# Binary heap: prove that number of nodes of height h is not bigger than $\lceil \frac{n}{2^{h+1}} \rceil$

My thoughts process: let number of elements in heap be $$n$$, total height of binary heap be $$H$$, height of node be $$h$$, and let number of nodes with height $$h$$ be $$x$$.

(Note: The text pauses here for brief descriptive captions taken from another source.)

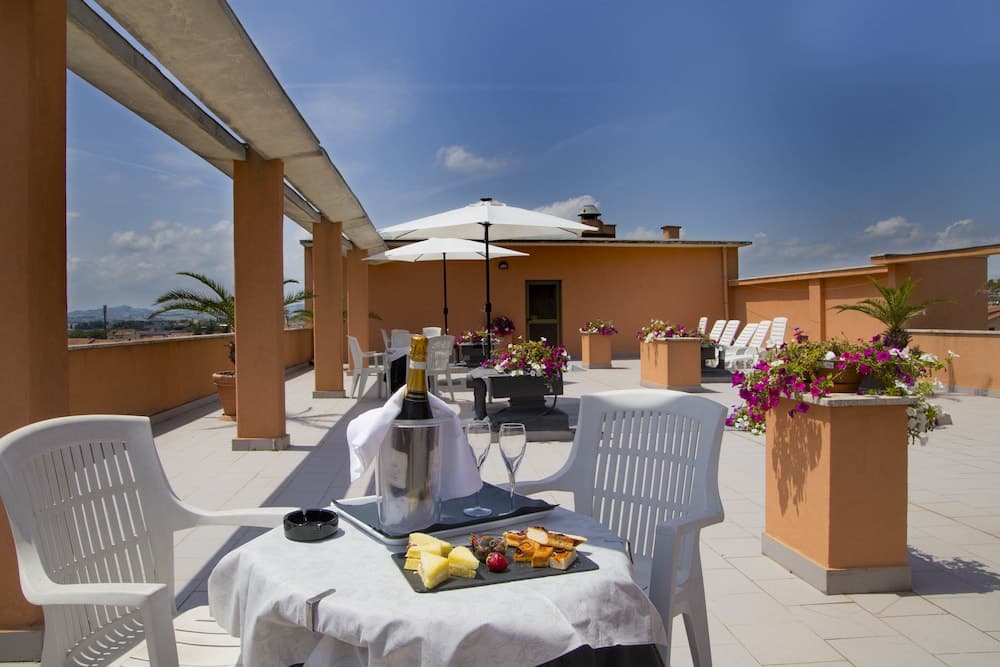 A serene rooftop terrace features white chairs, a table set with cheese and champagne, vibrant flower arrangements, and a panoramic view under a clear blue sky, ideal for a romantic getaway or leisurely relaxation.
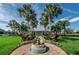 A beautiful clubhouse with a fountain and palm-lined walkway, set against a bright blue sky at 5094 Starfish Se Dr # E, St Petersburg, FL 33705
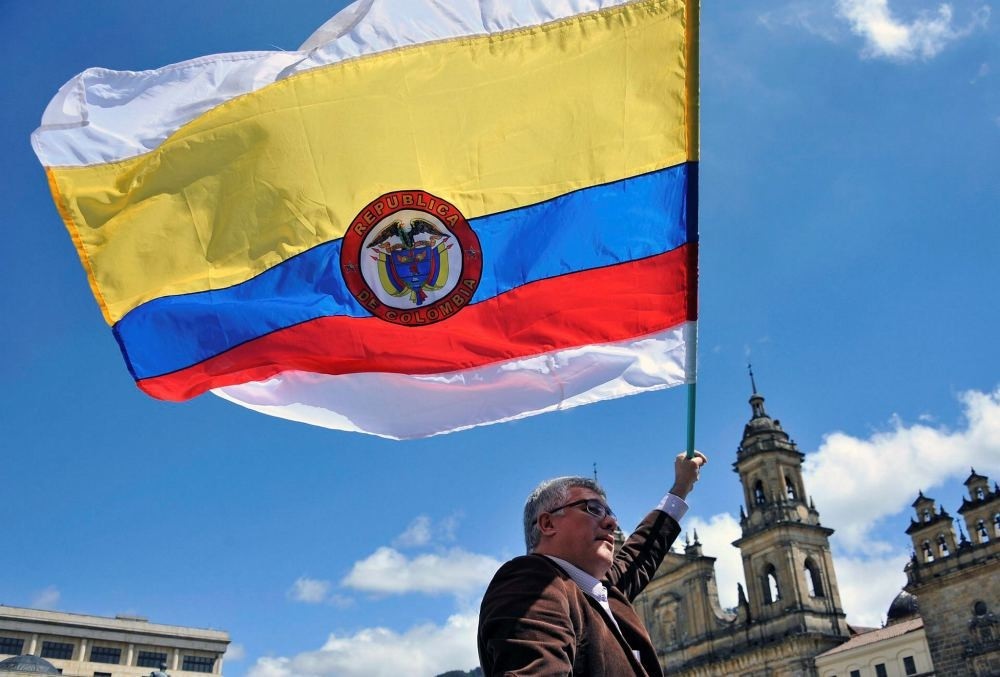 A man holds a Colombian national flag with white stripes during a demo to demand the immediate endorsement of the new peace agreement between the Colombian government and the FARC guerrilla outside the Colombian Congress in Bogota, Nov. 30.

Then number of nodes with height $$H-1 \le 2^1, H-2 \le 2^2, ... => x \le 2^{H-h} = 2^{\lfloor \lg n \rfloor - h} = \frac{2^{\lfloor \lg n \rfloor }}{2^h}$$

However, I don't see how this can be transformed to $$\lceil \frac{n}{2^{h+1}} \rceil$$, as $$n/2$$ is less than $$2^{\lfloor \lg n \rfloor }$$

• Is this a binary heap with just the usual heap invariant or does it also have some balance constraints that it has to satisfy as well? For example, I can create a degenerate heap that's just a list that nevertheless satisfies the heap invariant (namely, that the children must be smaller than the parent).
– Lee
Nov 16, 2016 at 0:12
• @LeeGao, it is book question, I suppose it is usual binary heap, as there was nothing about balancing in this chapter Nov 16, 2016 at 0:20
• @LeeGao According to wikipedia, a binary heap is defined to have the property of a complete binary tree (All levels except possible the lowest one are fully filled, and the lowest level is filled from left to right). Nov 16, 2016 at 7:07
• I wasn't aware that this is the standard definition. I was taught that binary heaps should satisfy the shape property, but that it isn't always required.
– Lee
Nov 16, 2016 at 8:04
• If it's from a book, can you give the citation to the book where it appears and the chapter & exercise number? There's a chance it might help others to look up the context there (e.g., how that book defines binary heap), if they have a copy too.
– D.W.
Nov 16, 2016 at 16:30

$$n$$ element tree has depth $$\lceil{\log_2n}\rceil-1$$. If $$h$$ is the height of nodes in any $$n$$ element heap from leaves then the nodes are situated at the depth of $$\lceil{\log_2n}\rceil-1-h$$ from the root.

Now, at most $$2^{\lceil{\log_2n}\rceil-1-h} = \lceil{\frac{n}{2^{h+1}}}\rceil$$ nodes/leaves are possible with $$\lceil{\log_2n}\rceil-1-h$$ depth in a heap.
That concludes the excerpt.